Recently the fire brigade had to ask campervans to move away from the Punakaiki River after they were hampering access to water to fight a fire in a nearby motel.
However, the Buller council deferred making a decision until a national policy was drawn up, noting that it could be challenged in court.
The New Zealand Motor Caravan Association has previously filed court action against the Westland and Queenstown councils over their attempts to bring in a freedom camping ban.
Chief executive Bruce Lochore said in a statement today the publicity a proposed Punakaiki ban attracted was "not a good message to be sending to tourists".
"The council understands that legally they can't impose a complete freedom camping ban just because a group of residents call for it," Mr Lochore said.
"They actually have to conduct an assessment to ascertain if there is a problem and quantify its extent. Then they need to consult with the affected parties if there are proposed changes - that's just a fact of law."

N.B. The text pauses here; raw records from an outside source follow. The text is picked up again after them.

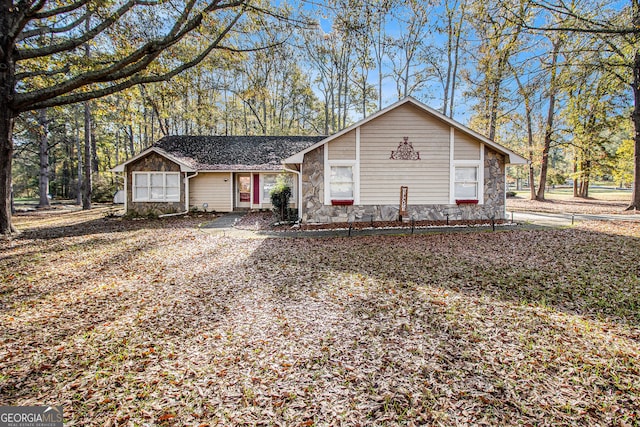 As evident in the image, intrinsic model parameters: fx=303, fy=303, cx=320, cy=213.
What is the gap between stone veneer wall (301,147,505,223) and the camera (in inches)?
447

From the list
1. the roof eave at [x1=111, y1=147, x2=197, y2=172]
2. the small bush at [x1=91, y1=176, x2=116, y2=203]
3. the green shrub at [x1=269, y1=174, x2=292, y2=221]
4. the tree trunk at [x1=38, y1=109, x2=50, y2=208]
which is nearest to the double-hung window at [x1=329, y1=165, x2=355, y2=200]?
the green shrub at [x1=269, y1=174, x2=292, y2=221]

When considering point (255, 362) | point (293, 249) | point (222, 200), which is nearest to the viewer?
point (255, 362)

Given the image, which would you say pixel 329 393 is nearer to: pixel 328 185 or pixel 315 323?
pixel 315 323

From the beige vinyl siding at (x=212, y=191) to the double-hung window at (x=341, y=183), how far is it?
8148mm

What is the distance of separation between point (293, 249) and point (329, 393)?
569 cm

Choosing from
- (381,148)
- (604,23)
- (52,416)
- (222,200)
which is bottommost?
(52,416)

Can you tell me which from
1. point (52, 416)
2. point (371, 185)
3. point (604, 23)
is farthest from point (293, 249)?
point (604, 23)

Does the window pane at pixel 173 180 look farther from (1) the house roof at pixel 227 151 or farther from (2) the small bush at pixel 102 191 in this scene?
(2) the small bush at pixel 102 191

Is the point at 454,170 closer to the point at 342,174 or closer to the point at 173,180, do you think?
the point at 342,174

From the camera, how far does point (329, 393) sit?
263 centimetres

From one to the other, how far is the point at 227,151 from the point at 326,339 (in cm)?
1703

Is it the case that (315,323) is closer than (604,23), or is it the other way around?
(315,323)

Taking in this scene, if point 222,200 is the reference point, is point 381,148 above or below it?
above

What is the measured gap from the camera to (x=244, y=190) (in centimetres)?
1812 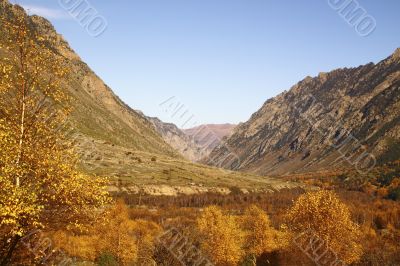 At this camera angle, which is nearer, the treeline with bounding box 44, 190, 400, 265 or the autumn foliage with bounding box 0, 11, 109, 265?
the autumn foliage with bounding box 0, 11, 109, 265

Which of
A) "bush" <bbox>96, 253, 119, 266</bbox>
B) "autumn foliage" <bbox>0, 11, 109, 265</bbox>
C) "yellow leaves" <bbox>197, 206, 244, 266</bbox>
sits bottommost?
"yellow leaves" <bbox>197, 206, 244, 266</bbox>

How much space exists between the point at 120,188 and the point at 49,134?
7007 inches

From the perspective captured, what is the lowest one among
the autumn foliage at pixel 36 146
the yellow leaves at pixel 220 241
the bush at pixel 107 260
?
the yellow leaves at pixel 220 241

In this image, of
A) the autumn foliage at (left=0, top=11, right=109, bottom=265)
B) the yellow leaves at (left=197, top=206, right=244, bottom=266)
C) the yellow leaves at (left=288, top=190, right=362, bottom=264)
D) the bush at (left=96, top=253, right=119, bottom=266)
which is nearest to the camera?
the autumn foliage at (left=0, top=11, right=109, bottom=265)

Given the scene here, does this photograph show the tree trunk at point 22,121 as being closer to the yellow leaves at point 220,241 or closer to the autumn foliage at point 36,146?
the autumn foliage at point 36,146

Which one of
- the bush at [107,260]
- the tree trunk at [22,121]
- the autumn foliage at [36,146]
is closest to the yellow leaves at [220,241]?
the bush at [107,260]

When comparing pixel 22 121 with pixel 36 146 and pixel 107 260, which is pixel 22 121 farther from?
pixel 107 260

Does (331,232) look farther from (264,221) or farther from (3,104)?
(3,104)

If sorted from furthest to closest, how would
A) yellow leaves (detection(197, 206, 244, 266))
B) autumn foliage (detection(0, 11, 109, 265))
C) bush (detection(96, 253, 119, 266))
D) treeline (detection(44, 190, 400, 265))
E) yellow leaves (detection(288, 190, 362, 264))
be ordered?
yellow leaves (detection(197, 206, 244, 266)) < yellow leaves (detection(288, 190, 362, 264)) < treeline (detection(44, 190, 400, 265)) < bush (detection(96, 253, 119, 266)) < autumn foliage (detection(0, 11, 109, 265))

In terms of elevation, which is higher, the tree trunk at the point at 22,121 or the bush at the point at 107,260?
the tree trunk at the point at 22,121

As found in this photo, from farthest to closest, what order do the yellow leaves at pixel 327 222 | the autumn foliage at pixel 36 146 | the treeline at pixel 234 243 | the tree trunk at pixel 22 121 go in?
the yellow leaves at pixel 327 222
the treeline at pixel 234 243
the tree trunk at pixel 22 121
the autumn foliage at pixel 36 146

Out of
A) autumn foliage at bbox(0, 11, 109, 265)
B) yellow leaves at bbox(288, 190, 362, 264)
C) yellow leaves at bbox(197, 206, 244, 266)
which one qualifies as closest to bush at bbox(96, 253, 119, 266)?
yellow leaves at bbox(197, 206, 244, 266)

The motor caravan association would be supportive of any "credible process", rather than an "over-reaction to a complaint that's clearly been driven by vested interests", Mr Lochore said.
At a time when employment in coal and forestry had been adversely affected, tourism was more vital than ever, he said.
The West Coast and Waikato enjoyed the largest percentage increase in international tourism spending over the past three years.
Residents needed to understand that responsible visitors - such as those travelling in certified self-contained motorhomes - should be welcomed and "not have the door slammed in their face".
"That's an inappropriate and irresponsible message to send out; especially at a time when you only have to look at the other side of the South Island where a community has been devastated because tourists are no longer there," Mr Lochore said.
"There's a community screaming to get the tourists back; and here's Punakaiki telling them they are not welcome.
"Prime Minister John Key said just this week that Kaikoura is '100 per cent a tourist town' and I suggest that Punakaiki is exactly the same. It's high time tourists were appreciated in the area instead of being branded as criminals."